Log has written
WEDNESDAY, FEBRUARY 15, 2012

Last week, the Financial Times (FT) carried news of Deutsche Bank’s securitization of microfinance loans from Finca International, a US-based microfinance institution (MFI). The size of the collateralized debt obligation (CDO) note is not big at $21.2 million. FT reports that the affiliates of the MFI in Congo and Azerbaijan would leverage this money five times and lend it in $500 parcels to small and would-be entrepreneurs. So far, so good. It is a neat demonstration of harnessing the power of capital markets to achieve financial inclusion for the poor.

It might sound premature to talk of a boom-bust cycle in microfinance loans when the sums involved are minuscule. The surface has been barely scratched. Even if there is a problem, it is unlikely to be a systemic issue either for individual countries or globally. But there is no point in closing the barn door after the horse has fled. Second, cycle times have shortened in the world of capital markets. Booms turn into bubbles and then bust even before investors realized that there was a boom. Hence, better an unneeded warning than an unheeded one.

Let us study the CDO deal a bit more closely. FT reports that investors in this deal include the insurer MetLife, the bank State Street and Hewlett-Packard. They would apparently receive a fixed rate of 7.5% annually on the tranches they purchased. It is not clear if this rate is applicable to the highest rated tranche of the CDO. But the riskiest slice of the CDO is expected to earn 16% return per annum. Based on this, one could deduce that the three institutional investors mentioned in the article subscribed to the highest rated tranches of the deal.

This is the time to pause and think about the yield for investing, presumably, in the AAA-rated tranche part of this microfinance loan-based structured debt. This expected return is not on offer from most financial assets. Hence, investors’ appetite for this product would build up rather quickly. That is how the “finance” tail begins to wag the “economy” or the “society” dog.

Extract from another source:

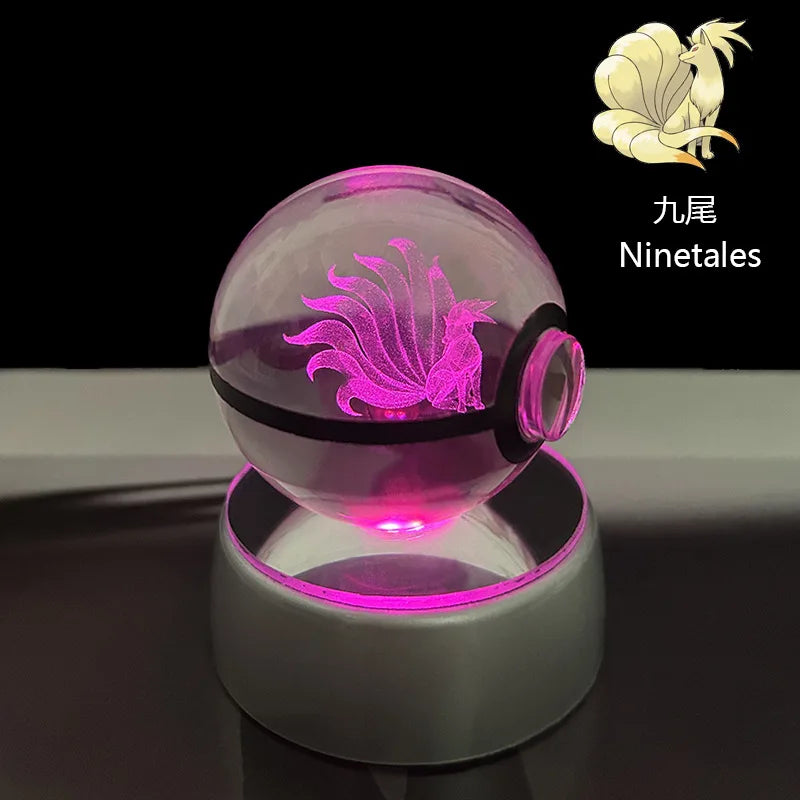 More Crystal Balls 🔥🐉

The demand for securitized microfinance loans would end up driving the creation of microfinance loans instead of the former being a mechanism to relieve the balance sheet burden on MFIs to achieve greater financial inclusion. Private equity investors who invest in microfinance institutions would favour such an increase in volume of loans, given the repayment record for these loans that has been the strongest attraction for commercially oriented institutional investors.

This would result in multiplicity of loans and enhanced risk of default. Initially, when the loan repayment record comes under strain, MFIs might try to delay reporting the inevitable by ever-greening the loans. Later on, if the situation got out of control, then politicians would take over.

The other danger lurking in the scenario where securitization drives the loan generation process is that the social objectives are progressively given the go-by. Already, it is evident. Not all microborrowers are able to use the loan to engage in income-generating activities. It is equally misleading to call them microentrepreneurs if each one of them manages to buy a buffalo or goat or open a petty street-corner shop. Entrepreneurship involves sustained risk-taking and an understanding of the business risks in sourcing the right input and output delivery. Neither the borrowers are equipped to do that nor do MFIs help plug these gaps.

The primary purpose of microfinance has to be financial inclusion. But the secondary purpose is to raise the standards of living of the borrowers permanently. Without the latter, the former would eventually result in financial exclusion. Raising standards of living requires skills augmentation and consequent employment. Industries require a range of skills today—from plumbing to carpentry to painting to low-level maintenance of installations. These skills have to be imparted to the rural youth by MFIs. Very few of them do it.

To reiterate, the availability of private capital to facilitate financial inclusion is welcome and essential for its sustainability. However, the rush of investor attention on the sector is a double-edged sword. Indeed, initial public offerings (IPOs) by MFIs are clearly a sign of the existence of supernormal profits. We know that profit is not a four-letter word. But IPOs and the valuation gains that come with them should lead MFIs to reflect on whether enough was done to the cause of borrowers who enabled those returns.

The record of private capital in profiting from the poor and then relying on taxpayer-funded bailouts is too recent to be forgotten. If this happens in a developing country, economic and social consequences would be severe.

MFIs must be committed to ensure that the interests of private capital do not dominate those of financial inclusion and elimination of poverty through livelihood support. The social responsibility of microfinance corporations is more important than their responsibility to their promoters and their investors.